| TASK STATEMENT |
For this exercise, repeat exactly the lines below starting at the line holding "Detailed side view" and ending at the line holding "Mud D-Tan Mask100g(Pack", both included, with no extra lines and no pictures.
++++ DATASET EXCERPTS ++++
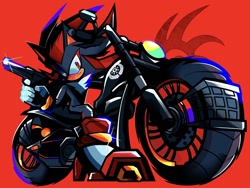 Size: 2048x1536 | Tagged: safe, artist:kuroiyuki96, shadow the hedgehog, g.u.n logo, gun, holding something, male, motorcycle, red background, shadow's logo, simple background, sitting, solo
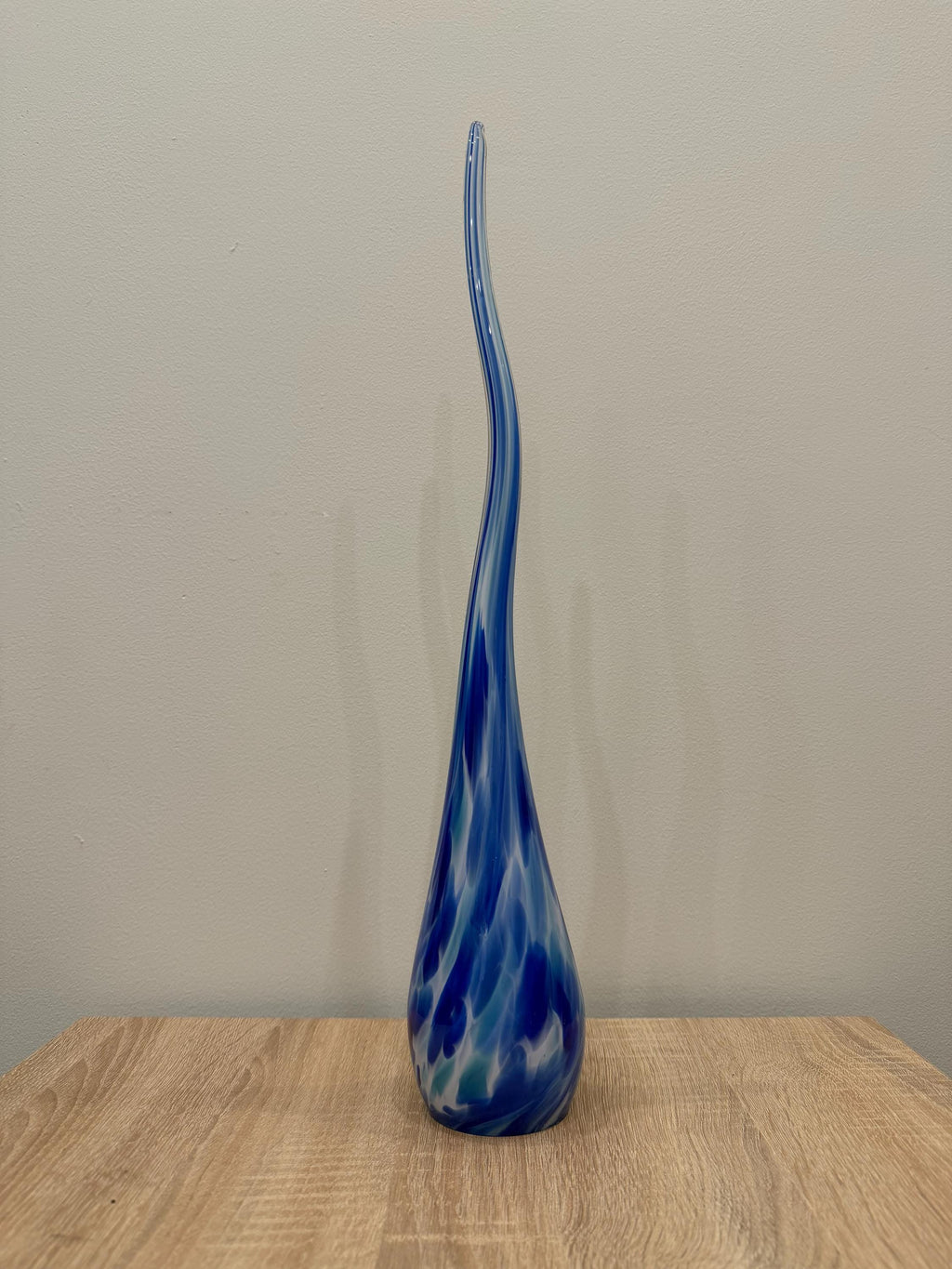Tall 50cm Hand-Blown Glass Spike Sculpture – Blue Swirl Elegant Modern Art Object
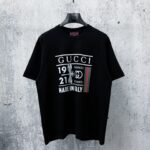 Gucci T-Shirt 1921 Dragonfly Graphic Crew Neck Short Sleeve Black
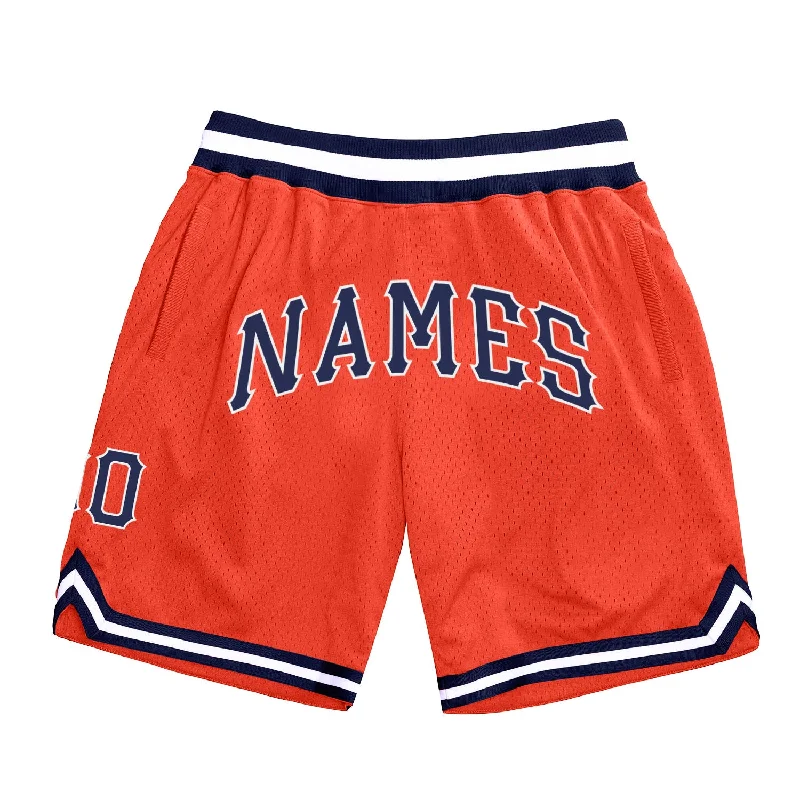 One Size Orange Navy-White Authentic Throwback Basketball Shorts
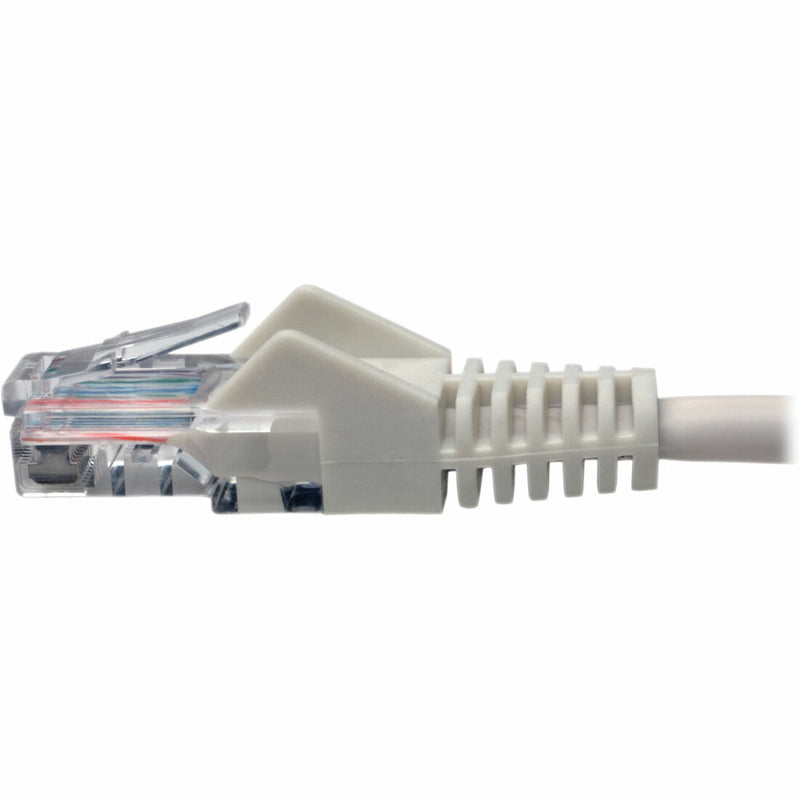 Detailed side view of Cat5e cable RJ45 connector showing internal wiring and boot construction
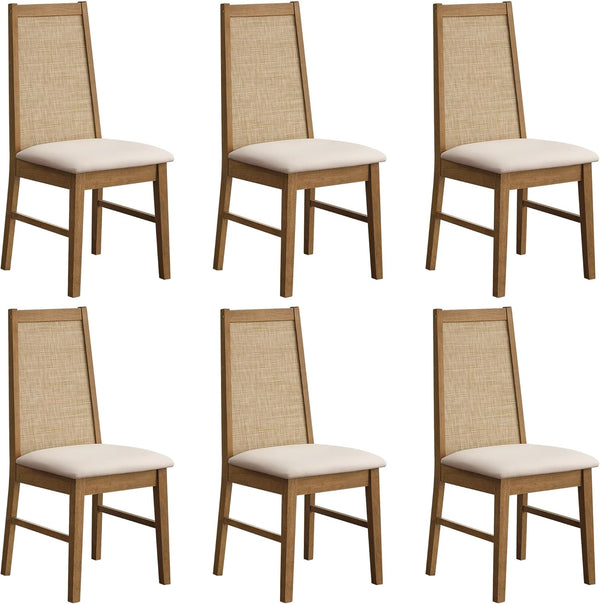 Rattan High Back Dining Chairs with Solid Wood Legs
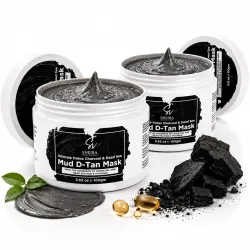 Mud D-Tan Mask100g(Pack of 2) Ultimate Detox Charcoal & Dead Sea Minerals for Clearer Skin | Deep Cleansing, Brightening, and Revitalizing Face Mask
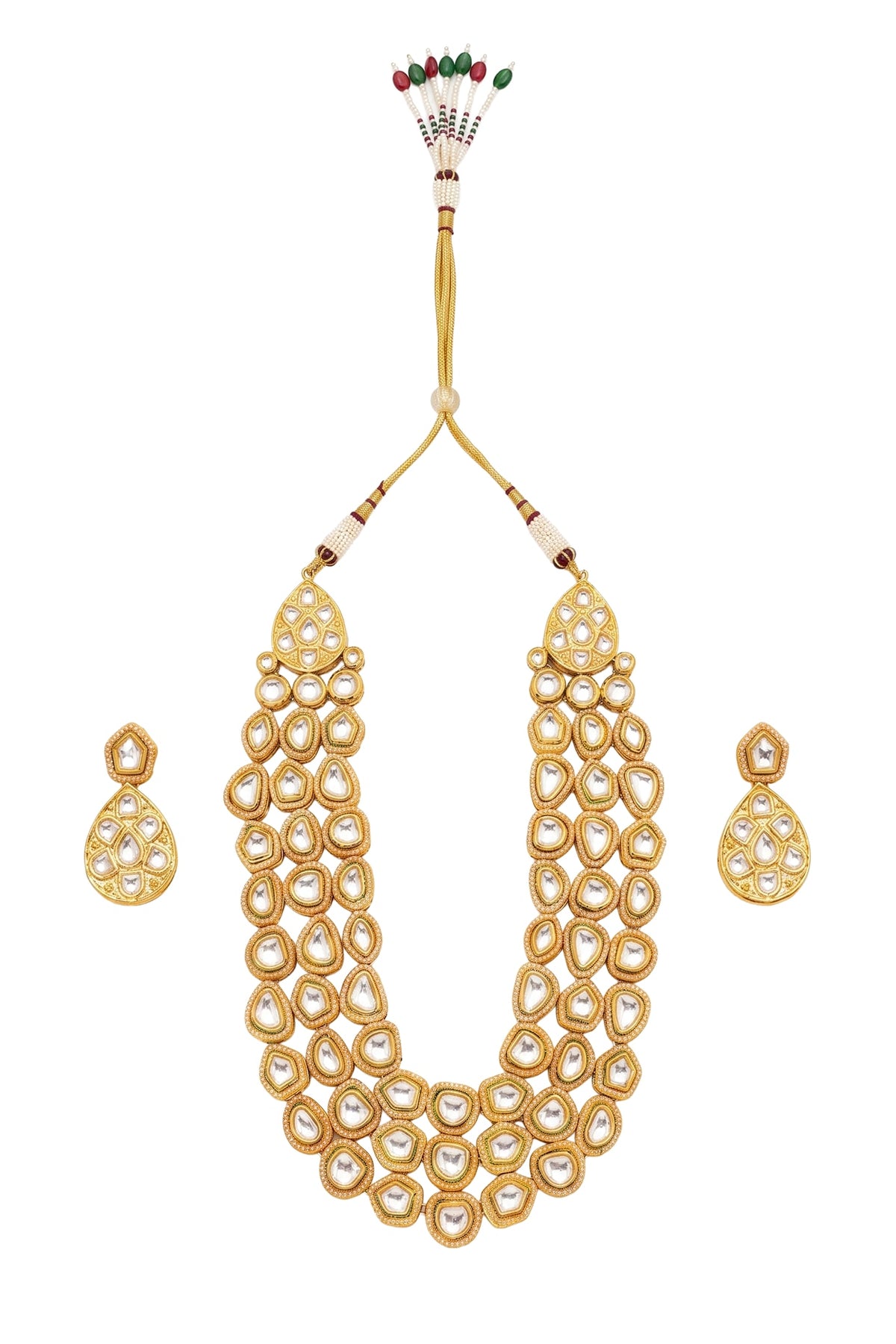 Gold Plated Kundan Polki Collar Necklace Set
++++
| EXPECTED ANSWER |
 Detailed side view of Cat5e cable RJ45 connector showing internal wiring and boot construction
 Rattan High Back Dining Chairs with Solid Wood Legs
 Mud D-Tan Mask100g(Pack of 2) Ultimate Detox Charcoal & Dead Sea Minerals for Clearer Skin | Deep Cleansing, Brightening, and Revitalizing Face Mask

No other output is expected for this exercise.